Mein Diplom als Elektroingenieur habe ich 1985 gemacht, da gab es noch kein Internet im heutigen Sinn und keine digitalen Mobiltelefone. Wenn man damals ein elektronisches Gerät geöffnet hat, konnte man noch viele Bauteile direkt sehen und die Signale mit Messgeräten abgreifen. Die heutigen Studierenden haben diese Möglichkeit nicht mehr.

Welche Auswirkungen hat Ihre Forschung auf die Gesellschaft?

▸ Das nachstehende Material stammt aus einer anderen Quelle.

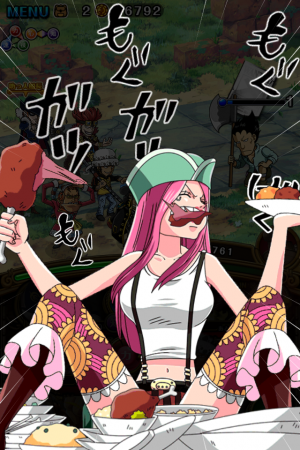 バンダイナムコ One Piece トレジャークルーズ が900万dl突破 新キャラ 最悪の世代 や レイリー が登場するスゴフェスを開催 Social Game Info
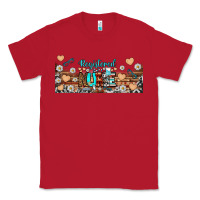 Red registered nurse libbey glass Classic Tee - BundleAndBundleShop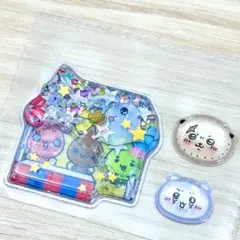 大人気 入手困難 ボンボンドロップシール しずくちゃん お裾分け シール帳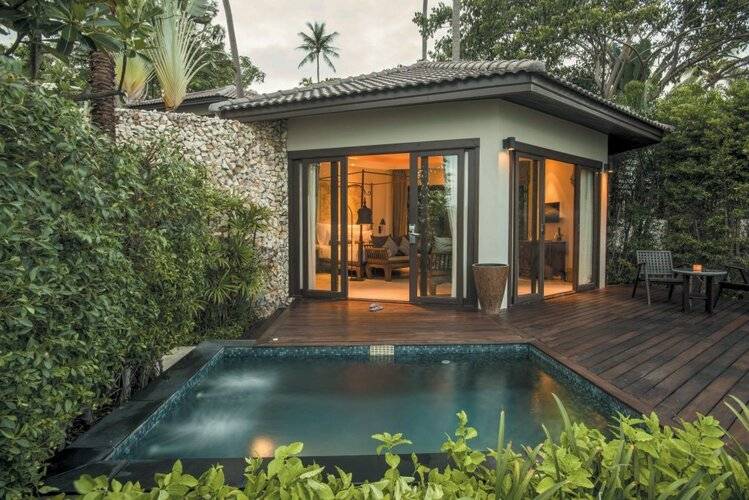 Saii Koh Samui Villas (Adults Only 12+)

In meiner Anfangszeit als Forscher habe ich vor allem an fehlerkorrigierenden Codes gearbeitet. Solche Codes – wenn auch nicht meine – sind heute unentbehrliche Bestandteile unserer digitalen Infrastruktur: Jeder Laptop und jedes Mobiltelefon beinhalten mehrere Systeme, die mit solchen Codes arbeiten.

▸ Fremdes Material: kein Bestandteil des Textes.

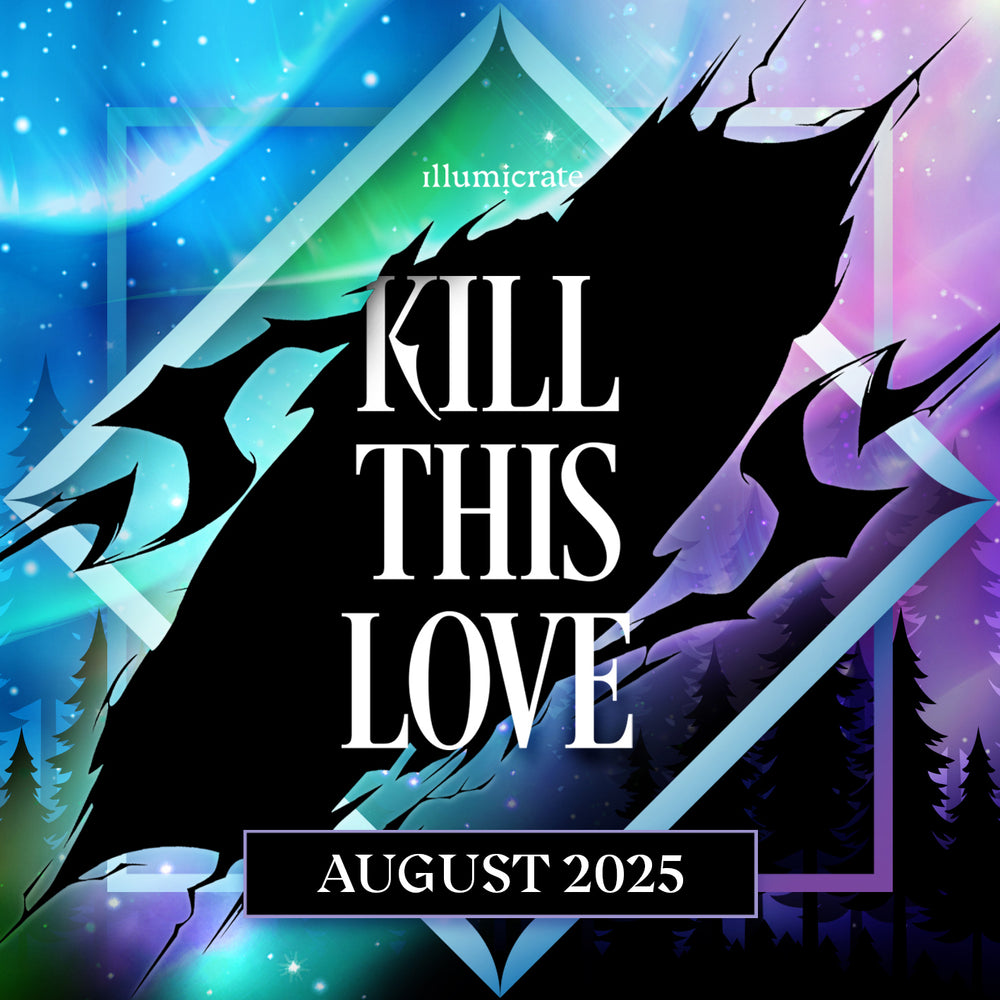 August 2025 'Kill This Love' full box - single purchase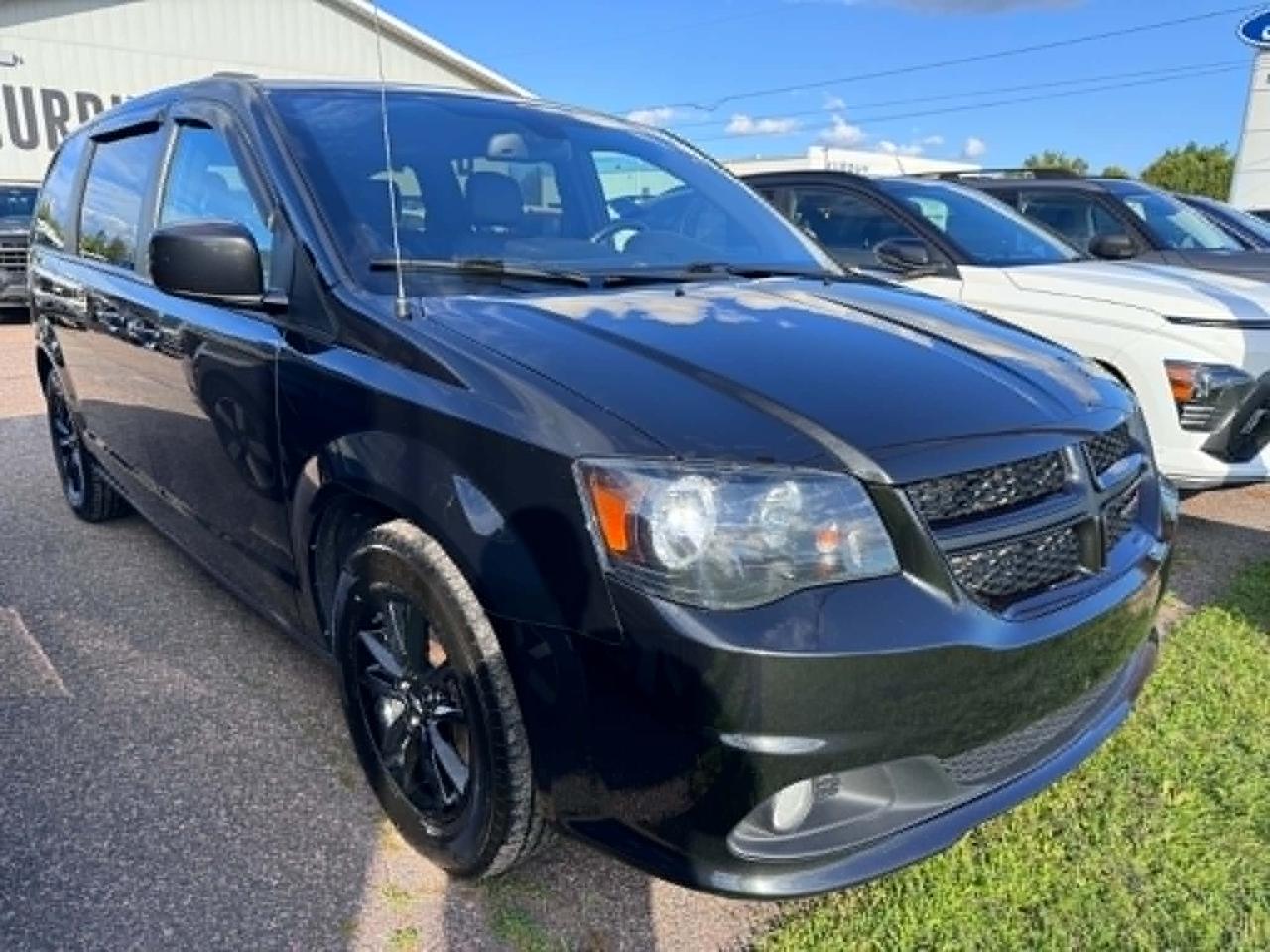 2019 Dodge Grand Caravan GT Photo5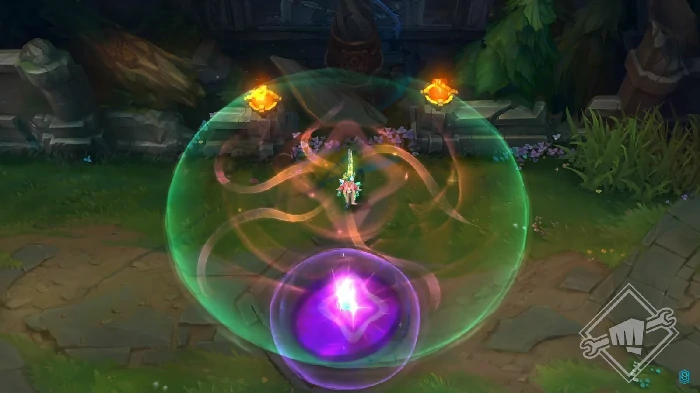LOL星之守护者妮蔻皮肤介绍,LOL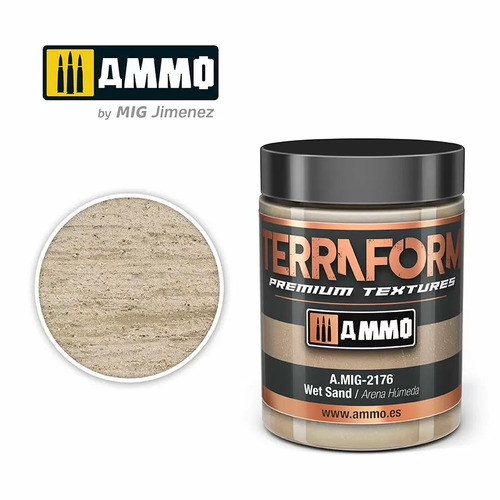 Ammo by MIG Terraform - Wet Sand 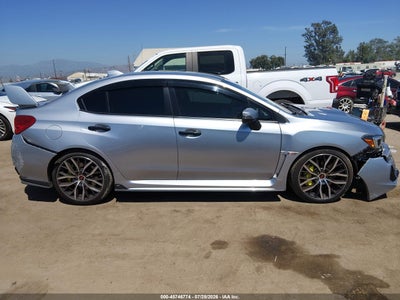 SUBARU WRX STI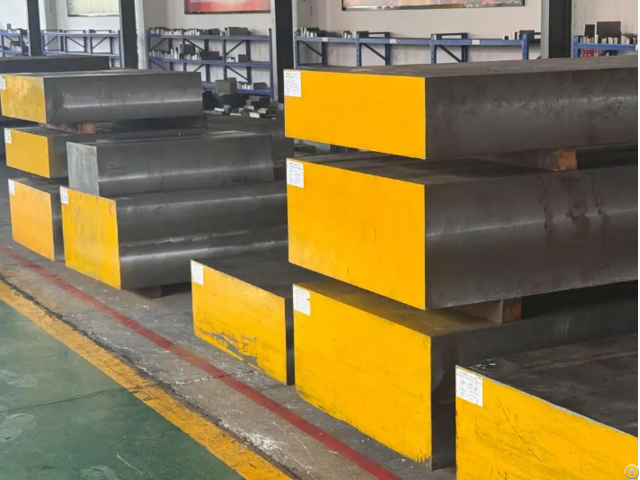 Aisi H13 Tool Steel Suitable For Plastic And Die Casting Mold Applications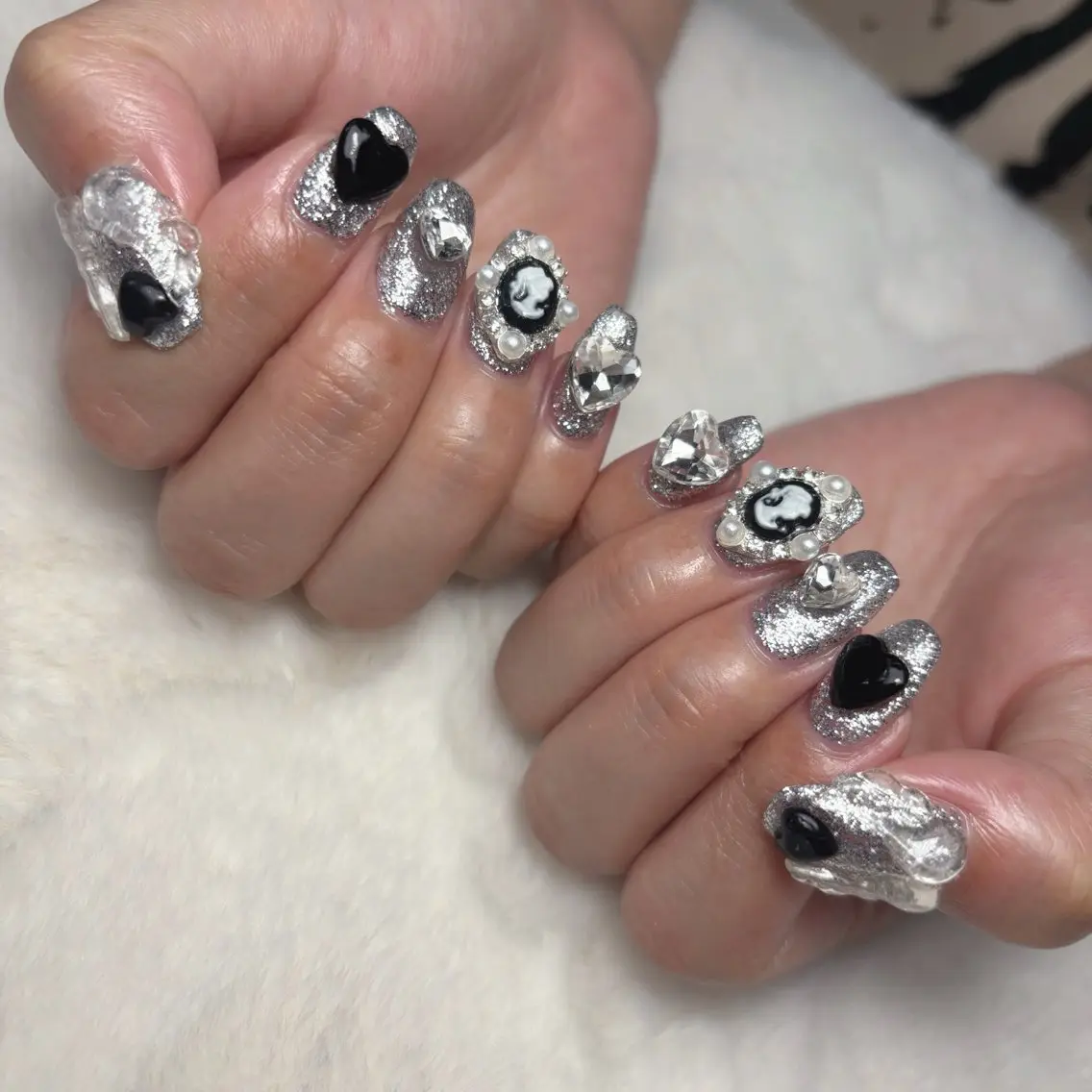 ネイル ハンドネイル STELLA nailのネイルデザイン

Ein anderes Beispiel: Einer meiner Doktoranden hat in Zusammenarbeit mit dem Inselspital in Bern eine Methode entwickelt, um die elektrische Aktivität des menschlichen Herzens mittels einer Sonde in der Speiseröhre aufzunehmen. So eine Sonde liegt näher am Herzen als die üblichen Elektroden aussen am Körper und funktioniert auch während einer Operation, was klinisch interessant ist. Die Anforderungen an die Signalverarbeitung sind allerdings enorm. Der Doktorand hat dazu eine ganze Reihe von neuen Methoden entwickelt und tatsächlich alles zum Funktionieren gebracht.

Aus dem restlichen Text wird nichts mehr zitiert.